デスノート Light up the NEW world

(C)大場つぐみ・小畑健/集英社 (C)2016「DEATH NOTE」FILM PARTNERS

 ストーリーにご都合主義の部分が感じられるものの、終盤に向けてサスペンスは一気に盛り上がります。

 また、新たに登場した悪魔たちの造形には、目を見張らせるものも。

 さらにっ!

 映画の終幕、エンドロールが流れた後に、あの人物が伝説の名台詞を!?

 と、至る所に凝らした工夫は認めざるを得ません。

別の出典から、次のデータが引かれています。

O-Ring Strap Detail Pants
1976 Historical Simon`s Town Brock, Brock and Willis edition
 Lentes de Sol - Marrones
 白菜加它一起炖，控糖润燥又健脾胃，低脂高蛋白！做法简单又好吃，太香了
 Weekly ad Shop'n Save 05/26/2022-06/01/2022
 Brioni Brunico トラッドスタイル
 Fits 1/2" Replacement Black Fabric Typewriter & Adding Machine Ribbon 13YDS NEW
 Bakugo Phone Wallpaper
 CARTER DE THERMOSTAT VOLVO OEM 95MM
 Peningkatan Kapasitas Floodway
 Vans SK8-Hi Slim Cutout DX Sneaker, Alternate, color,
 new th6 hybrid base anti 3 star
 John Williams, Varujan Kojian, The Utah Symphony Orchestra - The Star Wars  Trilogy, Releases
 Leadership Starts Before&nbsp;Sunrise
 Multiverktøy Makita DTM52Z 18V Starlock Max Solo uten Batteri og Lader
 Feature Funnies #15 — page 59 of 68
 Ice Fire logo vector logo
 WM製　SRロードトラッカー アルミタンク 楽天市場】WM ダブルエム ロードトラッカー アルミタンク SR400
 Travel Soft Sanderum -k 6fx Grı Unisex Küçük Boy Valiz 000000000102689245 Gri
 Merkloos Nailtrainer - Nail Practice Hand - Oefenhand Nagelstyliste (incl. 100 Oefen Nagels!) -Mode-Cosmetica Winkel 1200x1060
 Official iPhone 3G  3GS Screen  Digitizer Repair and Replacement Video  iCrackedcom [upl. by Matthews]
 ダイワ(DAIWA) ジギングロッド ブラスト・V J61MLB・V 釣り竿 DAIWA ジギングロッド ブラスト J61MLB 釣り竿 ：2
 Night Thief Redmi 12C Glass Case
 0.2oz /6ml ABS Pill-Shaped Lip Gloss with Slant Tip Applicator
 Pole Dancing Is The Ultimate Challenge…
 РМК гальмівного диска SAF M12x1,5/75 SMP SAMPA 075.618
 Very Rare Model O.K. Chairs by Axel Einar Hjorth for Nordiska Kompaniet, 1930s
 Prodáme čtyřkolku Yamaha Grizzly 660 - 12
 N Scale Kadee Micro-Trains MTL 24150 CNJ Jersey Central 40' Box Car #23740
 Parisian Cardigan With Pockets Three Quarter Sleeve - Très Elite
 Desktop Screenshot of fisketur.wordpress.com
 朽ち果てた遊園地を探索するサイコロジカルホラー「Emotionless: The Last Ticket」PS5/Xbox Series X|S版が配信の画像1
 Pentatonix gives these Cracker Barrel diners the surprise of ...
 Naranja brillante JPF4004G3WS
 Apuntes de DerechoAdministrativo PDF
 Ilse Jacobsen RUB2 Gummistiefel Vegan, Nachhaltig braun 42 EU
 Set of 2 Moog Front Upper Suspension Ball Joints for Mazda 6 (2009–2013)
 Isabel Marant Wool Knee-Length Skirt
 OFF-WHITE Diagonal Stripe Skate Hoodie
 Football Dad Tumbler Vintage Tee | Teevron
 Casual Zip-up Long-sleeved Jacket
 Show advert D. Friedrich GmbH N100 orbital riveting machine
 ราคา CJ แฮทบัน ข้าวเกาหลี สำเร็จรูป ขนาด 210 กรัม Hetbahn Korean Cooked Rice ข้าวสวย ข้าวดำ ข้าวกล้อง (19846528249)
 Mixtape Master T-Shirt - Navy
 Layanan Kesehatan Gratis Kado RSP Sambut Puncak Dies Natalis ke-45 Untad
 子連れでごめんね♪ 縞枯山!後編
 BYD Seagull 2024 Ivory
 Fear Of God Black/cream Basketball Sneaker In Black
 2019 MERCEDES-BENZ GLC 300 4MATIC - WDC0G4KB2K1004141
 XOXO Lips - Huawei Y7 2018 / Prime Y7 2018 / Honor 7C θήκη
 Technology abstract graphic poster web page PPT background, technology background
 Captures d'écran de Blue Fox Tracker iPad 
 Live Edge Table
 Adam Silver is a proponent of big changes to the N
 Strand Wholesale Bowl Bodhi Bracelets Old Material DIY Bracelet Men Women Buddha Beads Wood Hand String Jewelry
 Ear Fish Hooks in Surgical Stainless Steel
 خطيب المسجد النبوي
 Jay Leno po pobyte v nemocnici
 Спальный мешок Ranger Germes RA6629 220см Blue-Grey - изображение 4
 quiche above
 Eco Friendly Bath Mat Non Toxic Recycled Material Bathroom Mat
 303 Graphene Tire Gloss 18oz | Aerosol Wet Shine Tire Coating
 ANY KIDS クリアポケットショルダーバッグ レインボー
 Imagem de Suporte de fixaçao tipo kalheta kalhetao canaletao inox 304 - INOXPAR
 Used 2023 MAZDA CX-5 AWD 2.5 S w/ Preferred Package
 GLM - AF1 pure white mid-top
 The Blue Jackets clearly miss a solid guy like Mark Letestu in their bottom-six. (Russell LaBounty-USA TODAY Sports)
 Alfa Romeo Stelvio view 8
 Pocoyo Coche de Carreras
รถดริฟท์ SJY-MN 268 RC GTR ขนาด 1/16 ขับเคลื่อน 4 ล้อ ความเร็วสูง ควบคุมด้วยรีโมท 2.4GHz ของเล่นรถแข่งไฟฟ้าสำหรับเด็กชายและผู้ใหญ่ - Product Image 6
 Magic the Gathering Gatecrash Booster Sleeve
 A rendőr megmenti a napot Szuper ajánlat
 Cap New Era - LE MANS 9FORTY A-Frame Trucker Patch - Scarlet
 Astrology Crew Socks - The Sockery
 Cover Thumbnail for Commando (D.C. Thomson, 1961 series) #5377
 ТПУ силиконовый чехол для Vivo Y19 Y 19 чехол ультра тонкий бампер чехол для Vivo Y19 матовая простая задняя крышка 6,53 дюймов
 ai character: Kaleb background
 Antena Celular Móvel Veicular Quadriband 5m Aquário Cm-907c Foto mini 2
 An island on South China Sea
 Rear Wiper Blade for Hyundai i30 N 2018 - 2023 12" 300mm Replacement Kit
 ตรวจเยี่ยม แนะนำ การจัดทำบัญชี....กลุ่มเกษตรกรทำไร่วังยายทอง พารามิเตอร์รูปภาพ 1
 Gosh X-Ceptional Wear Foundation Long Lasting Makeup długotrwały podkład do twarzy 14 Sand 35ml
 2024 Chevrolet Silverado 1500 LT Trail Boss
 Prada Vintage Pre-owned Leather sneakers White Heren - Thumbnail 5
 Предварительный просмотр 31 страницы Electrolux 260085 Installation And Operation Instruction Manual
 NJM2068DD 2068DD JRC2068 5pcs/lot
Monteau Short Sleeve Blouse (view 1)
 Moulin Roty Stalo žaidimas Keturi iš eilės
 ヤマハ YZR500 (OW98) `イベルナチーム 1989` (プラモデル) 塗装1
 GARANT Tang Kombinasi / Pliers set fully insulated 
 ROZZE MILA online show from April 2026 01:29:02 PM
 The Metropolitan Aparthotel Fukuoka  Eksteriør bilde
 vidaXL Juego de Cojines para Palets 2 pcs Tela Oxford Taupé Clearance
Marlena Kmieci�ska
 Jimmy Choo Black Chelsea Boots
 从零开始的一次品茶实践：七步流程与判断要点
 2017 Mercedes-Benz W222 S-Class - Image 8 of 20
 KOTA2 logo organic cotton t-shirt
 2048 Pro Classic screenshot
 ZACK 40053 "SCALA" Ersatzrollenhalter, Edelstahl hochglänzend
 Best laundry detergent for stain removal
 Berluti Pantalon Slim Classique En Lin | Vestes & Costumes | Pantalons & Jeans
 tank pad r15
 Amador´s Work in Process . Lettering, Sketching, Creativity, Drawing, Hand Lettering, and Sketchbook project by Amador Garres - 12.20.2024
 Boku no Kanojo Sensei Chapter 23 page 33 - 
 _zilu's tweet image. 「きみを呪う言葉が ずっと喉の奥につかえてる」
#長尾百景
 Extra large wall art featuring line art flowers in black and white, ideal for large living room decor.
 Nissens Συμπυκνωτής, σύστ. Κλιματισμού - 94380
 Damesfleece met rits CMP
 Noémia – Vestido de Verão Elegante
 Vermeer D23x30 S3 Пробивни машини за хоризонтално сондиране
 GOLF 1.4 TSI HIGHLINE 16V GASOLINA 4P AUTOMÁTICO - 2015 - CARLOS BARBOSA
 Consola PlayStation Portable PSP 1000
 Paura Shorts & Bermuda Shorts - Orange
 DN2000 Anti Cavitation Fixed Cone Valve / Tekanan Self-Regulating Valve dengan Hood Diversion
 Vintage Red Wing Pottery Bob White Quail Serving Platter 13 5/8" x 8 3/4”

さて貴方は、この作品をどのように評価するのでしょうか?

 

/// end of the “cinemaアラカルト181 「デスノート Light up the New world」”///

 

(追伸)

岸波

 この映画で唯一「うるっ」としたのは、弥海砂(戸田恵梨香)の命運が尽きて死ぬシーン。

 死神の目を獲得した彼女は自分の寿命を削る「契約」だったことを自覚しています。そして、夜神月(ライト)が生きているはずのないことも…。

 第一作(前・後編)でも、彼女が夜神月(ライト)に寄せる思いは真実のもので、それは「純愛」と言ってもいいでしょう。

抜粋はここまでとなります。